At the same time, demand for pollination is growing rapidly. Crops such as almonds, cherries,apples, pistachios and many others have more than doubled their planted space in the last 10 years. California’s almond crop alone requires more than 75 percent of the entire US bee population to serve as pollinators during a very short two-week bloom season. If it rains or the temperature remains below 55 degrees, the bees won’t leave the hive and there’s nothing a grower can do. It’s also expensive to use bees. For a 500 acre orchard, it costs $200/per
beehive, and the industry standard of 2 beehives/acre, this is a $200,000 expense for the narrow two week pollination season.
Traditional crop pollination and supplements have remained somewhat of a dark art.
That’s where Dropcopter comes in. The company’s mission is to help address the global pollination crisis using drone aircraft to pollinate crops. Since 2015, Dropcopter has been testing automated drone pollination on almonds, cherries, pistachios and olives with positive results. Initial tests on almonds have demonstrated a beneficial increase in crop set by 15 percent, yielding a potential increase of hundreds of dollars per acre. “We want to deliver real data-driven value to the growers,” said Matt Koball,CEO of Dropcopter.

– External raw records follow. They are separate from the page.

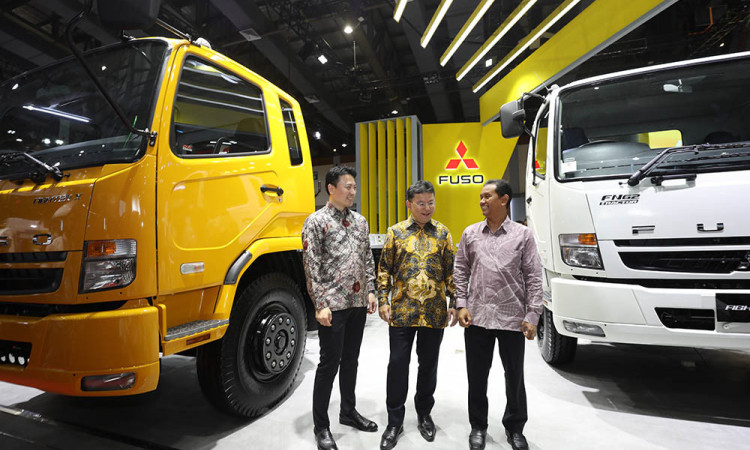 Mitsubishi Fuso Ramaikan Giicomvec 2024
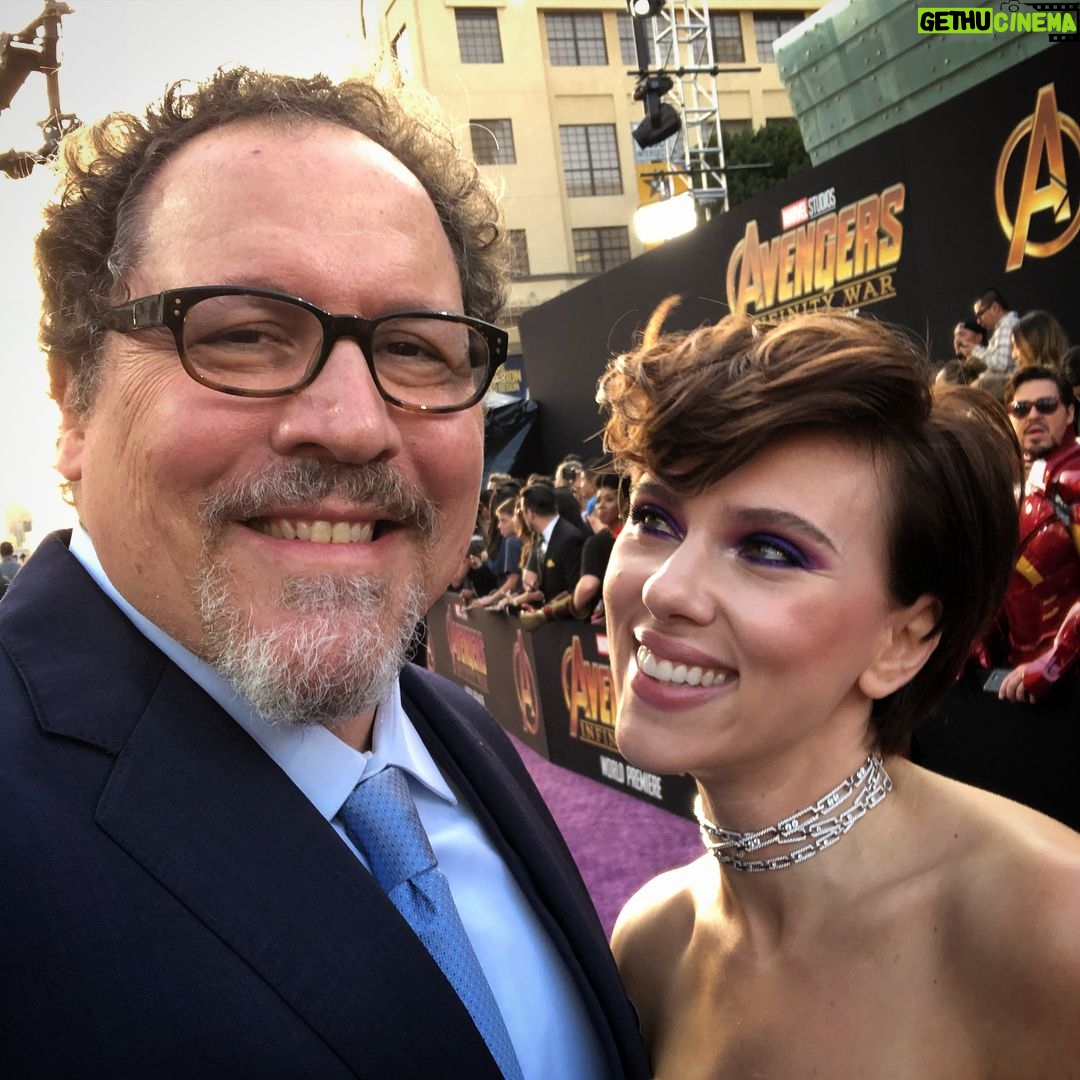 Jon Favreau - 121.2K Likes - Red carpet #Avengers #infinitywar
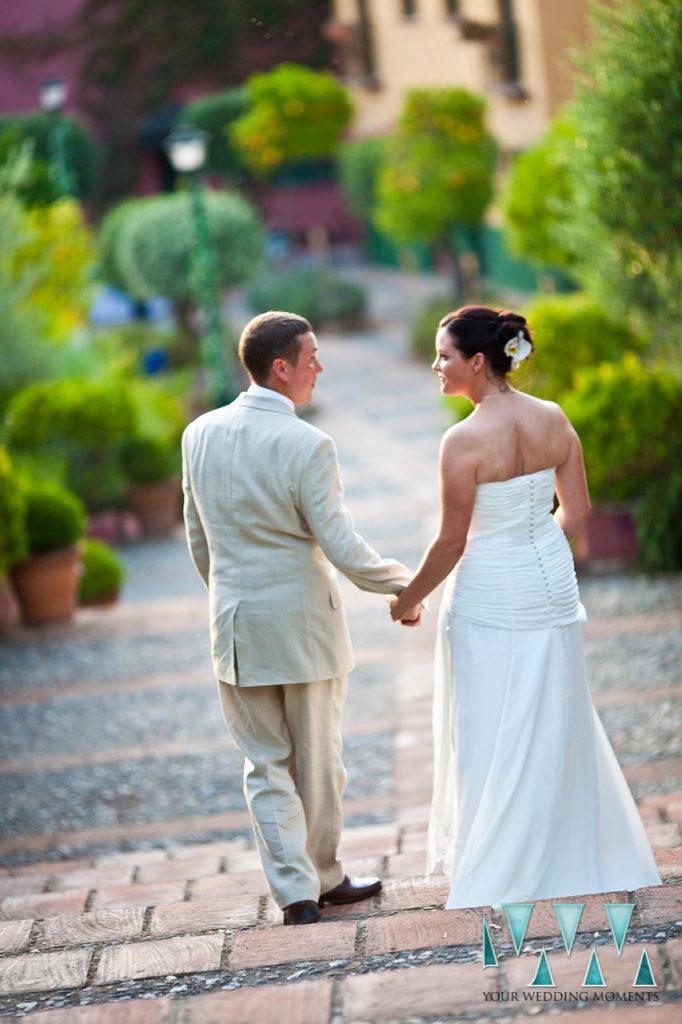 Hacienda La Herriza Hotel wedding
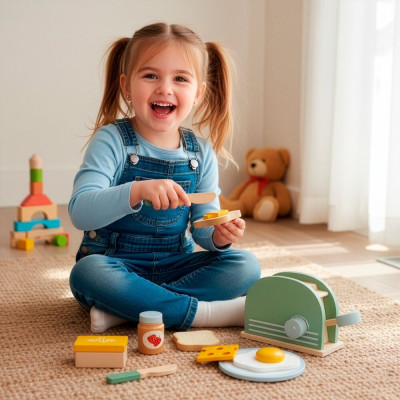 Topinkovač pro děti SPRINGOS KG0054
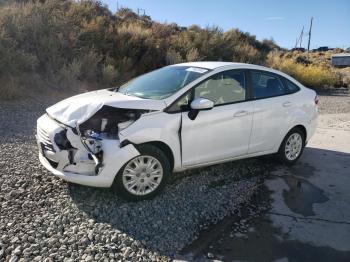  Salvage Ford Fiesta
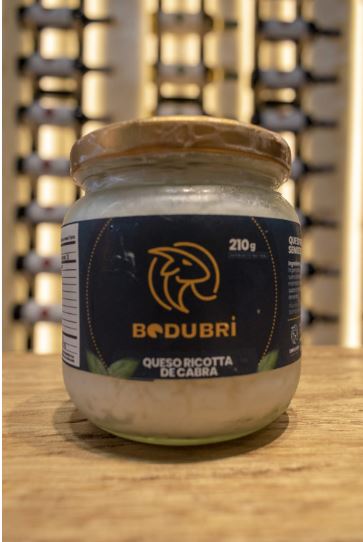 Queso ricota de cabra (210GR)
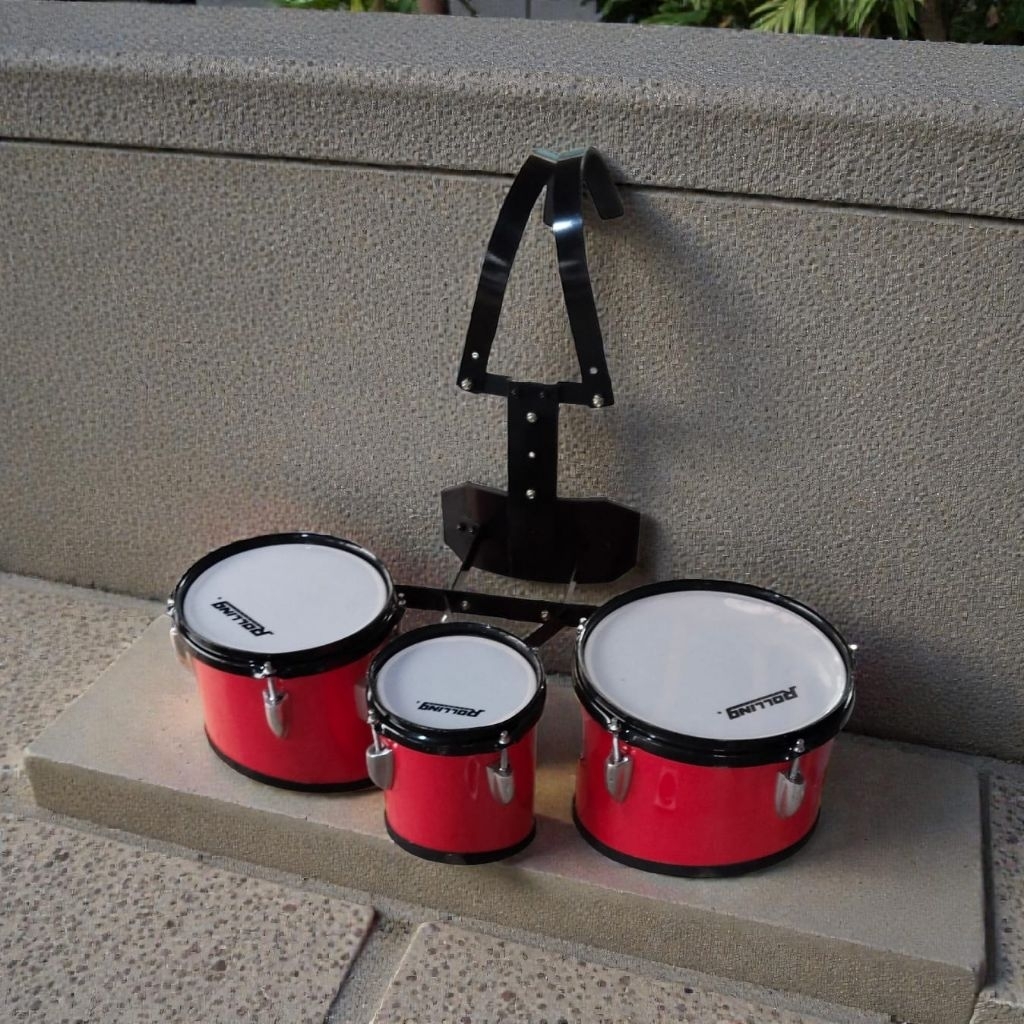 trio tom lengkap harnes platinum.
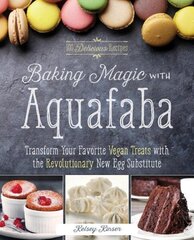 Baking Magic With Aquafaba: Transform Your Favorite Vegan Treats with the Revolutionary New Egg Substitute цена и информация | Книги рецептов | 220.lv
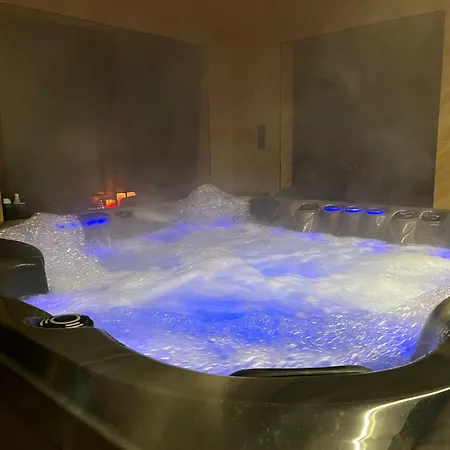 Lawendowy Zakatek Caloroczny Z Jacuzzi I Sauna * Mikołajki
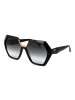 Ana Hickmann Frauen Sonnenbrille Geometrisch Schwarz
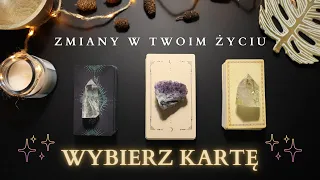 Jakie zmiany czekają cię w życiu? ✨ Wybierz kartę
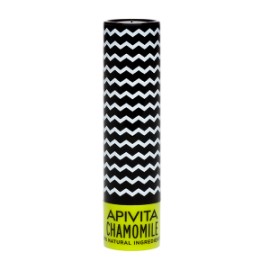 Apivita Lip Care Chamomile Για Ενυδάτωση Με SPF15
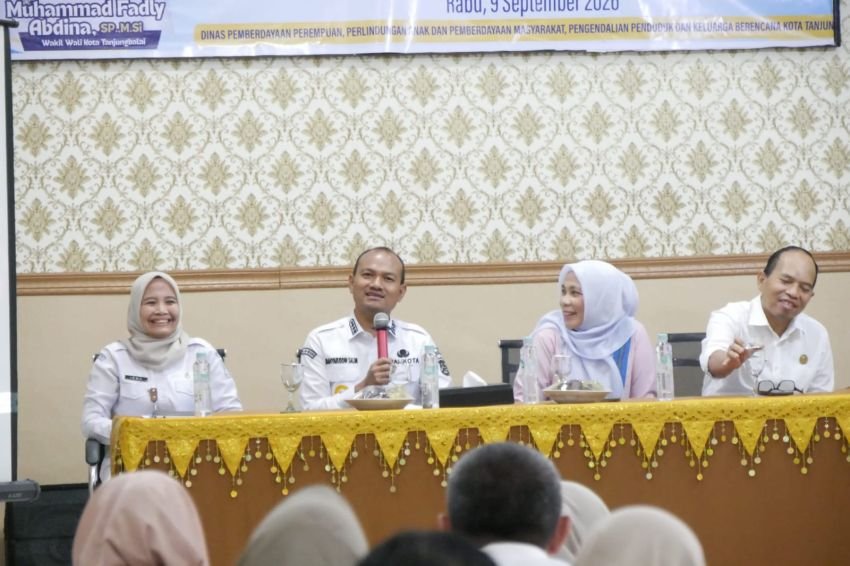 IPG Tanjungbalai 92,11 Persen, Mahyaruddin Soroti Kesenjangan Gender dalam Pembangunan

Dropcopter buys surplus pollen from specialty suppliers. Their drones spread that pollen right above the trees over opened flowers turned upward to the sun during optimum bloom time, using their patent-pending “Worker Bee” pollinator. Dropcopter also provides one benefit bee can’t match – nighttime operations. While bees do not fly during the night, the flowers of the trees stay receptive 24 hours. The use of
drones effectively doubles the pollination window. If rains wash away pollen, there’s twice the time to replenish it with drone dusting.
In 2018, Dropcopter was selected to participate in the Syracuse based “GENIUS NY” accelerator program, earning valuable recognition, as well as strategic, logistical and financial support. Over the next year, the program will continue to support Dropcopter’s growth by pairing the company with industry mentors and additional opportunities for VC funding.
The program also provides Dropcopter with the opportunity to test its operations beyond visual line-of-sight (BVLOS) in partnership with the NUAIR Alliance, which manages one of six FAA-designated UAS test sites in upstate New York. Current regulations require a Pilot in Command (PIC) or visual observer watching the automated flight path of the aircraft, limiting flight operations.
Dropcopter has been conducting limited operations by placing pilots at the top of pruning towers and scissor lifts. This tactic allows them a “farmers aircraft control” and an obstructed view but it’s far from ideal. They are planning daisy chain operations in New York state for the apple bloom season in May.
We are incredibly fortunate to be working with GENIUS NY and the NUAIR Alliance,” said Adam Fine, Dropcopter’s CTO. “With their help, we will demonstrate a safe and valuable use case to the FAA. Imagine what Dropcopter could do for agriculture with BVLOS and a night time waiver.”